[[ Recorded data, beginning ]]

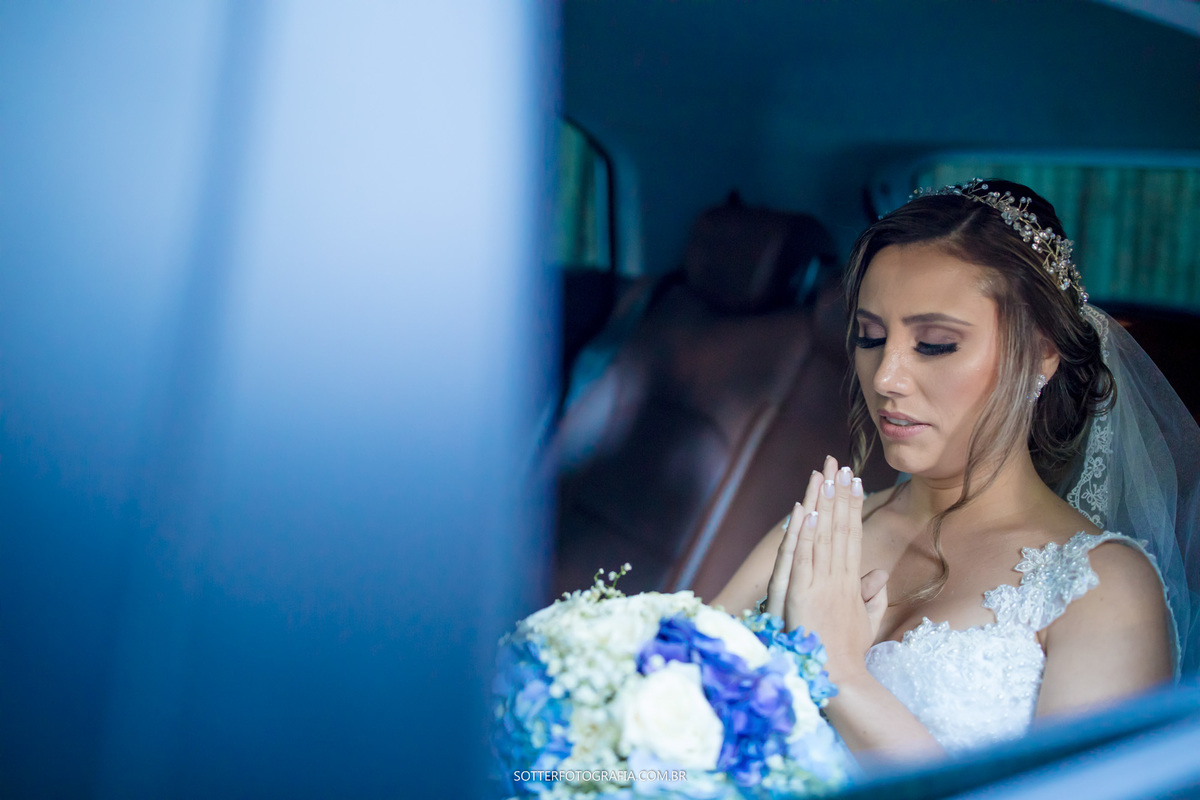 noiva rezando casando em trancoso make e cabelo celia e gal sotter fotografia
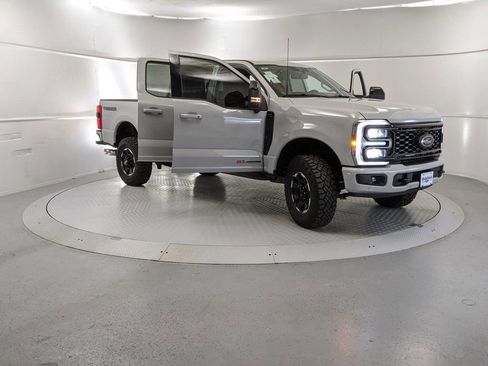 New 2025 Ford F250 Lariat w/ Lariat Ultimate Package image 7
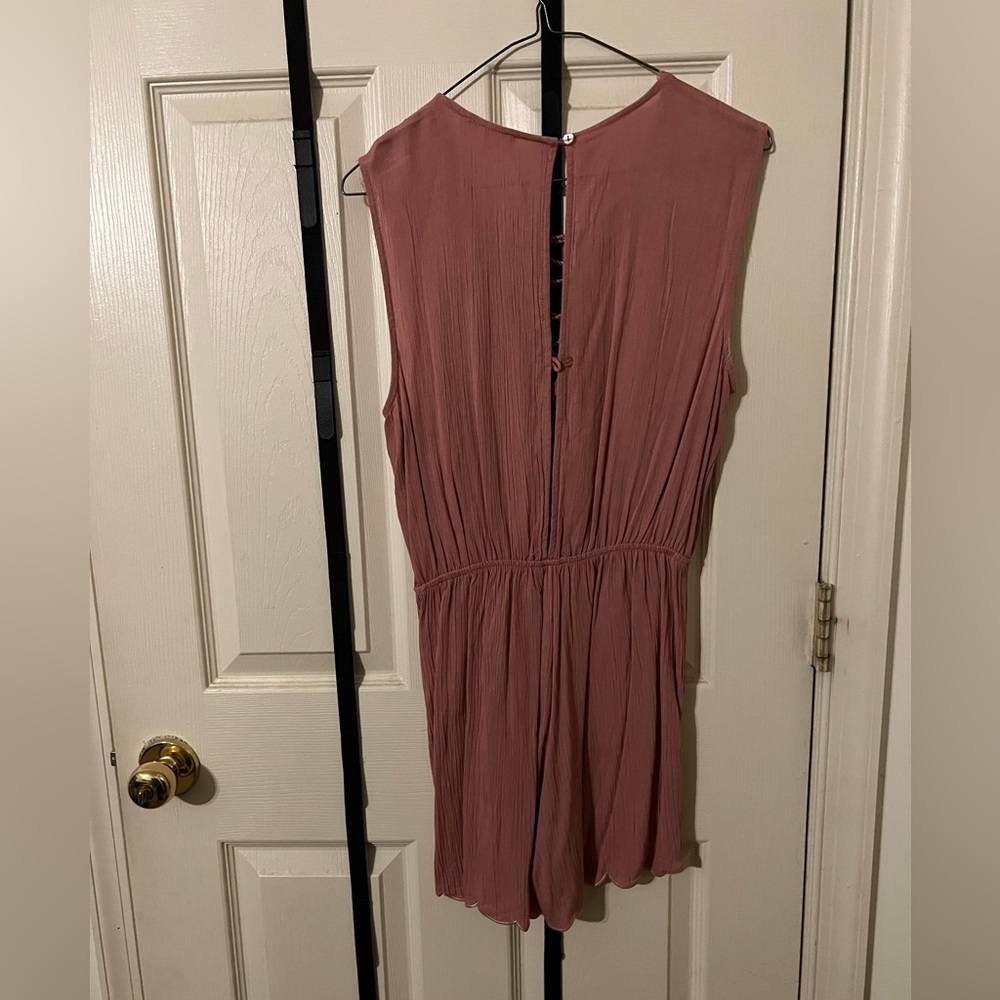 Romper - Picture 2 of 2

[[ Recorded data, end ]]
[[ Recorded data, beginning ]]

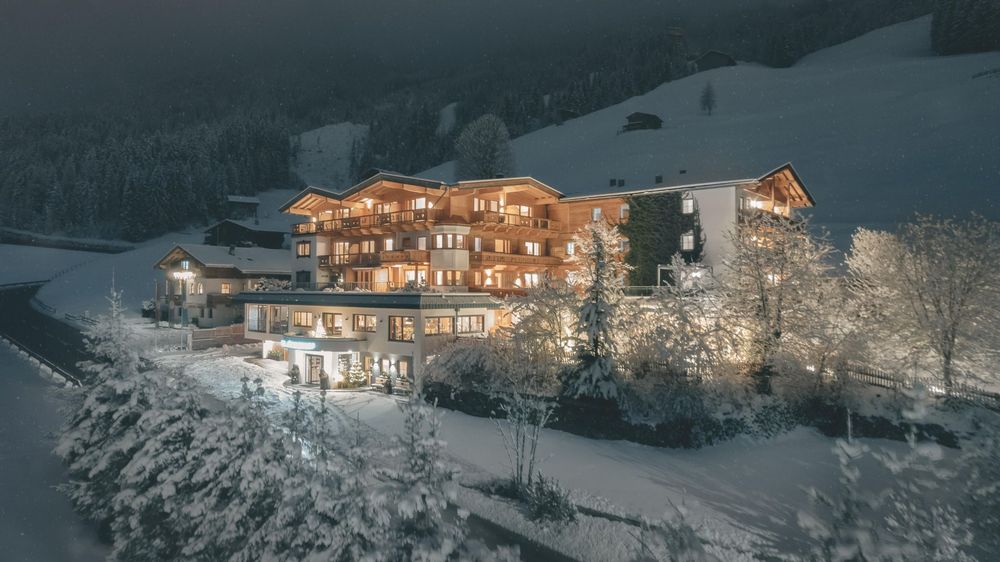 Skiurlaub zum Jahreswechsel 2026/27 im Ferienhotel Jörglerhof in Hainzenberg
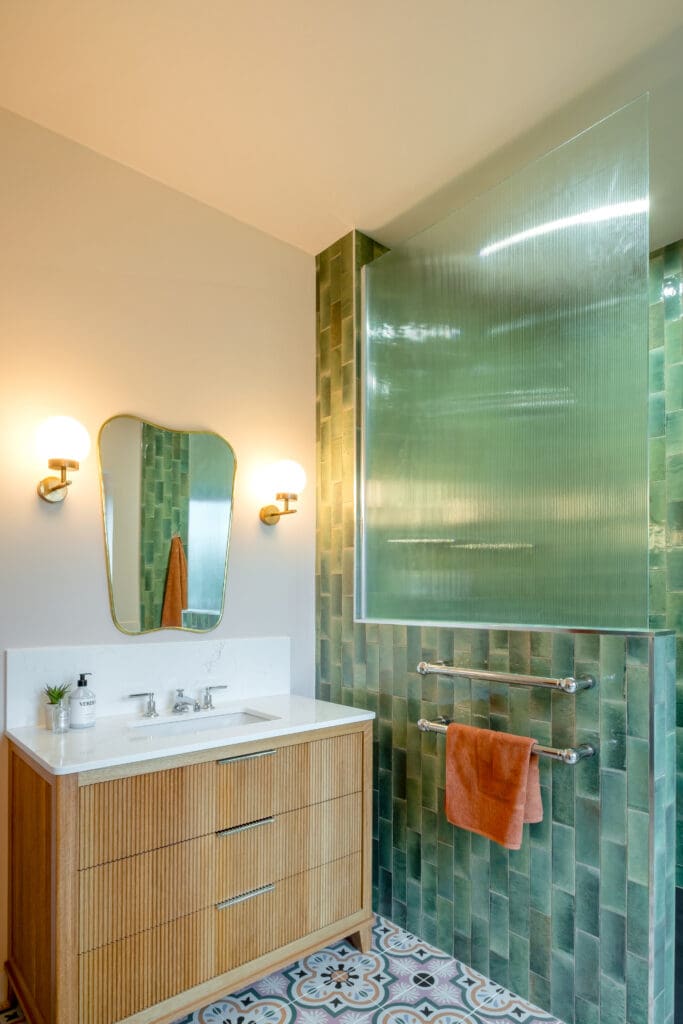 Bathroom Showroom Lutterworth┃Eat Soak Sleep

[[ Recorded data, end ]]
[[ Recorded data, beginning ]]

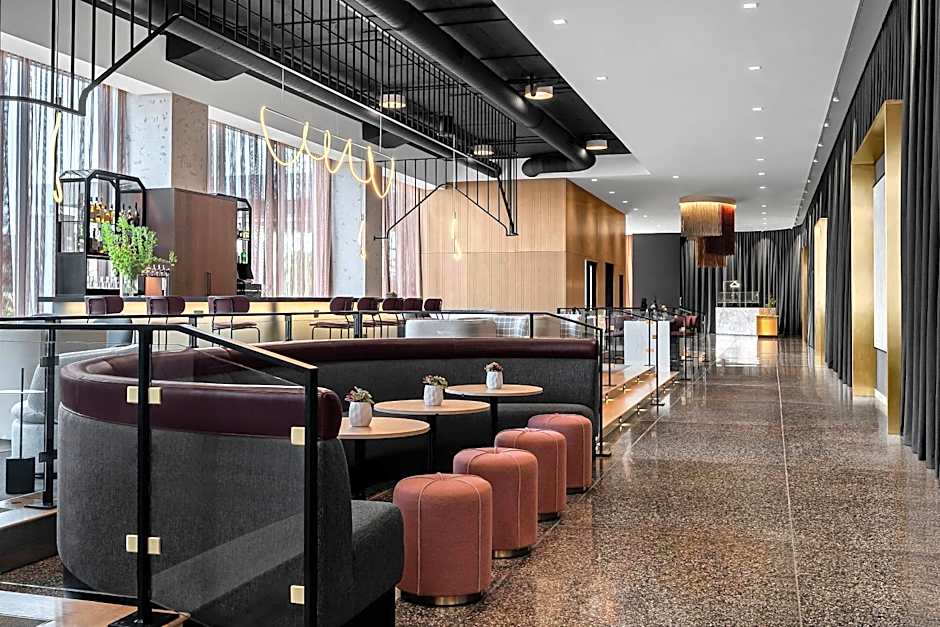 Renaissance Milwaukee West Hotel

[[ Recorded data, end ]]

* What the exercise asks:
Copy the lines above exactly, starting at the one with "noiva rezando casando" and ending at the one with "Romper - Picture 2 of 2", both included. Leave out any pictures and add nothing else.

* Expected output:
 noiva rezando casando em trancoso make e cabelo celia e gal sotter fotografia
 New 2025 Ford F250 Lariat w/ Lariat Ultimate Package image 7
 Romper - Picture 2 of 2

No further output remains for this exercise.